Page MenuHomePhabricator

strange virtual pageview jump on 2019-04-16-03
Closed, ResolvedPublic

Description

Take a look at this jump on virtual pageviews that looks quite anomalous:

https://grafana.wikimedia.org/d/000000018/eventlogging-schema?orgId=1&from=1555291024765&to=1555463824765&var-schema=VirtualPageView

Pinging @Jdlrobson and @phuedx to see if they know why this might be

Event Timeline

Nuria created this task.Apr 17 2019, 1:18 AM
Restricted Application added a subscriber: Aklapper. · View Herald TranscriptApr 17 2019, 1:18 AM

This smells like bot activity....

From the SAL:

15:21 otto@deploy1001: scap-helm eventgate-analytics finished
15:21 otto@deploy1001: scap-helm eventgate-analytics cluster staging completed
15:20 otto@deploy1001: scap-helm eventgate-analytics upgrade staging --version 0.0.28 -f eventgate-analytics-staging-values.yaml --reset-values stable/eventgate-analytics [namespace: eventgate-analytics, clusters: staging]
15:19 otto@deploy1001: scap-helm eventgate-analytics finished
15:19 otto@deploy1001: scap-helm eventgate-analytics cluster staging completed
15:19 otto@deploy1001: scap-helm eventgate-analytics upgrade staging -f eventgate-analytics-staging-values.yaml --reset-values stable/eventgate-analytics [namespace: eventgate-analytics, clusters: staging]
15:18 otto@deploy1001: scap-helm eventgate-analytics finished
15:18 otto@deploy1001: scap-helm eventgate-analytics cluster staging completed
15:18 otto@deploy1001: scap-helm eventgate-analytics upgrade staging -f eventgate-analytics-staging-values.yaml --reset-values stable/eventgate-analytics [namespace: eventgate-analytics, clusters: staging]
15:16 elukey: roll restart kafka on kafka-jumbo100[1-6] to pick up openjdk upgrades

I don't see how a rolling restart of Kafka or a deployment of EventGate could've impacted the EventLogging pipeline. There weren't any deployments to the Wikipedias nearby the spike either.

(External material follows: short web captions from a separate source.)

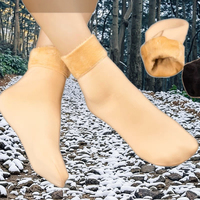 Chaussettes d'hiver en velours pour femmes, douces, décontractées, couleur unie, respirantes, épaisses, thermiques, longueur cheville, motif animal de dessin animé, bas de chaussettes
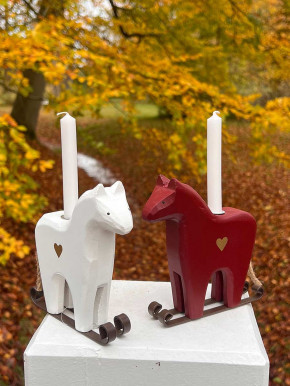 Weißes Holzpferd auf Ski Kerzenhalter Pferd Madleys H13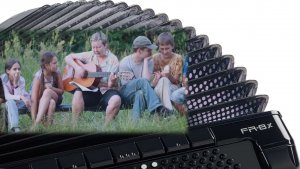 🎵 «Мочи кота»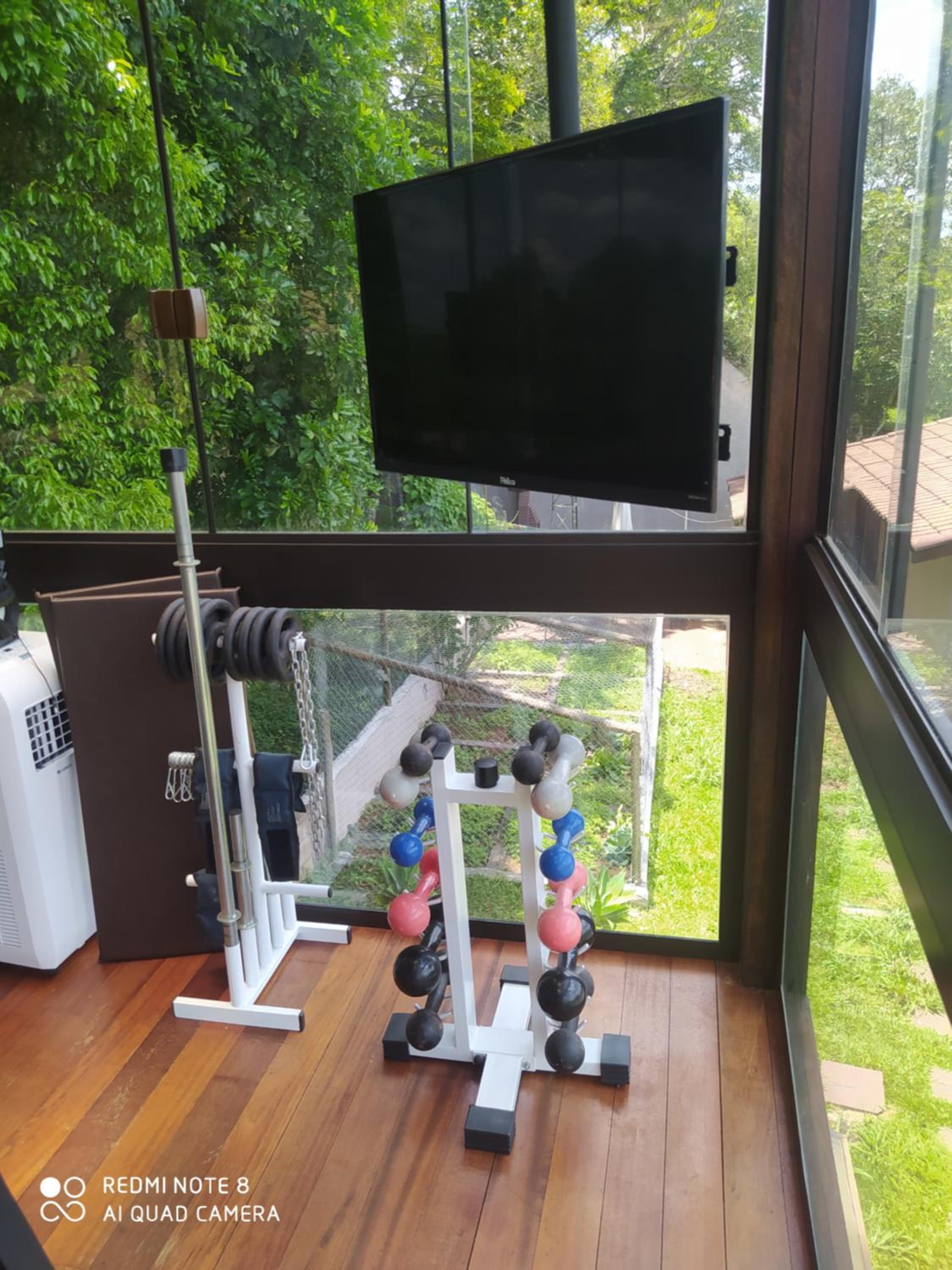 LOFT DE VIDRO ao lado do ANIMÁLIA PARK COTIA
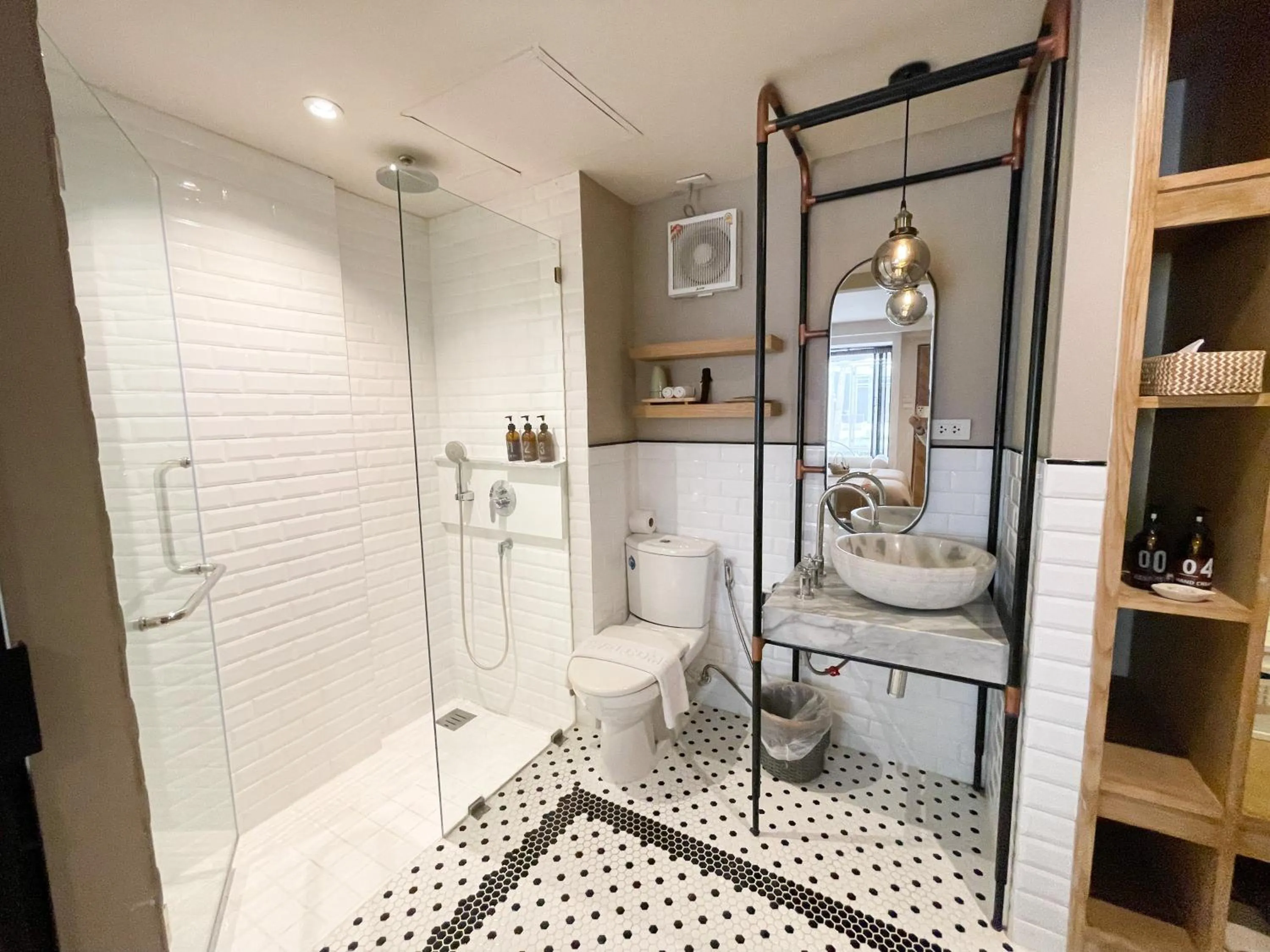 Shower in Treevana Club Chiangmai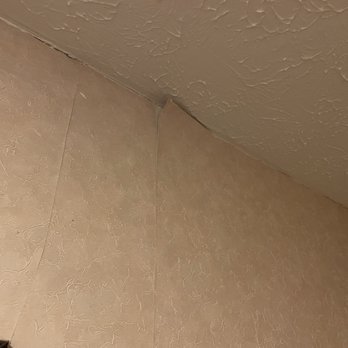 Clarion Hotel Beachfront - Peeling wallpaper in the shower - Hotels Near Me - Mackinaw City, Michigan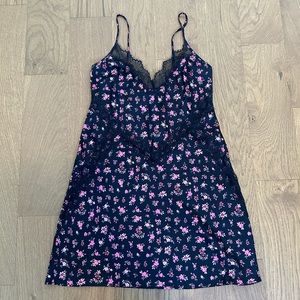 x4 VICTORIAS SECRET BUNDLE Chamise Satin/Lace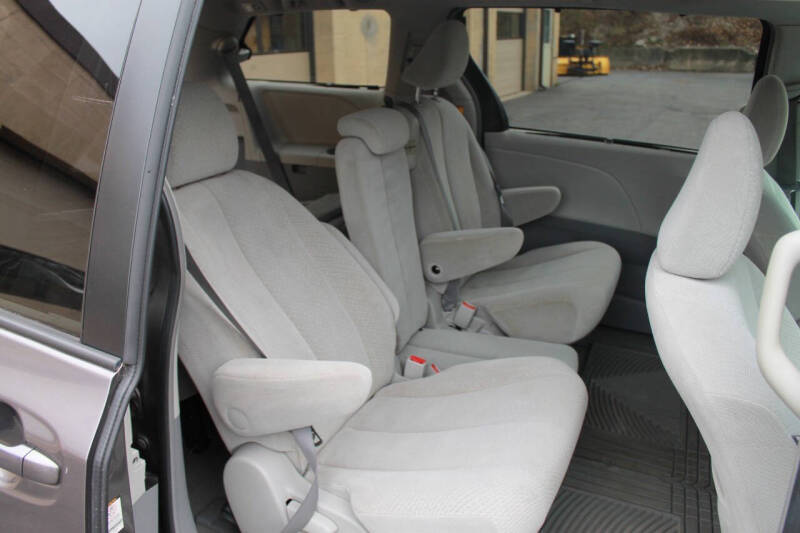 2011 Toyota Sienna LE 8-Passenger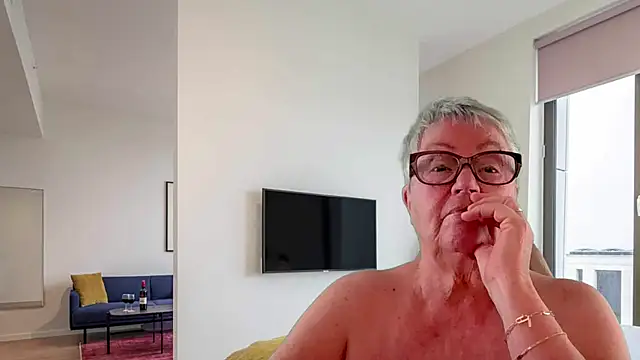GrannyChrissy68 online show from May 2026 05:28:01 PM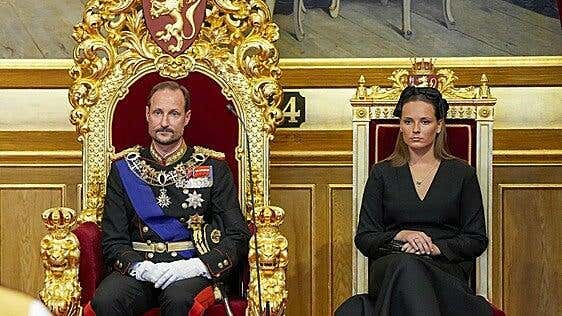 El rey Haakon VIII llevará en solitario el peso de la Corona noruega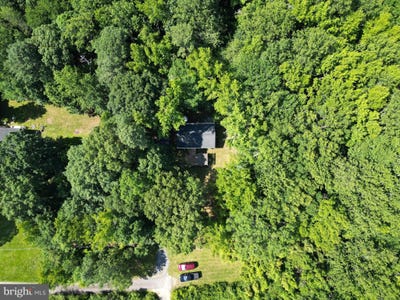 /international/us/45705-robinson-court-great-mills-md-110100412190/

Nuria added a comment.Apr 17 2019, 3:18 PM

Eventgate and eventlogging (despite name) share no infrastructure so those two events are unrelated. I wonder whether the rolling restart made the metric artificially spikey?

@elukey, Nuria is right here, yes? If eventlogging-processors were stuck for a bit, then the per schema topics will jump up when raw client side event processing is reenabled.

@elukey, Nuria is right here, yes? If eventlogging-processors were stuck for a bit, then the per schema topics will jump up when raw client side event processing is reenabled.

I think so yes, timing are the ones related to my roll restart of Jumbo..

There's a spike in VirtualPageview events today (see https://grafana.wikimedia.org/d/000000018/eventlogging-schema?orgId=1&from=1555459200000&to=1555516800000&var-schema=VirtualPageView) which appears to correspond to today's updates to the cluster. Further confirmation?

Ottomata added a comment.EditedApr 17 2019, 5:24 PM

VirtualPageview counts in Hive should be normal, its only Kafka messages that should have delayed messages causing a later jump. If you see the same jump in Hive, then this is related to something other than maintenance.

Nuria added a comment.Apr 17 2019, 7:32 PM

Ok, will close ticket cause it seems pretty well stablished that this is related to consumers consuming at a higher rate after a restart.

Nuria closed this task as Resolved.Apr 17 2019, 7:32 PM

I've been noodling on proposing that @Stashbot and/or scap create annotations in Grafana. I think such annotations would've been useful here.

Also! Thanks, everyone!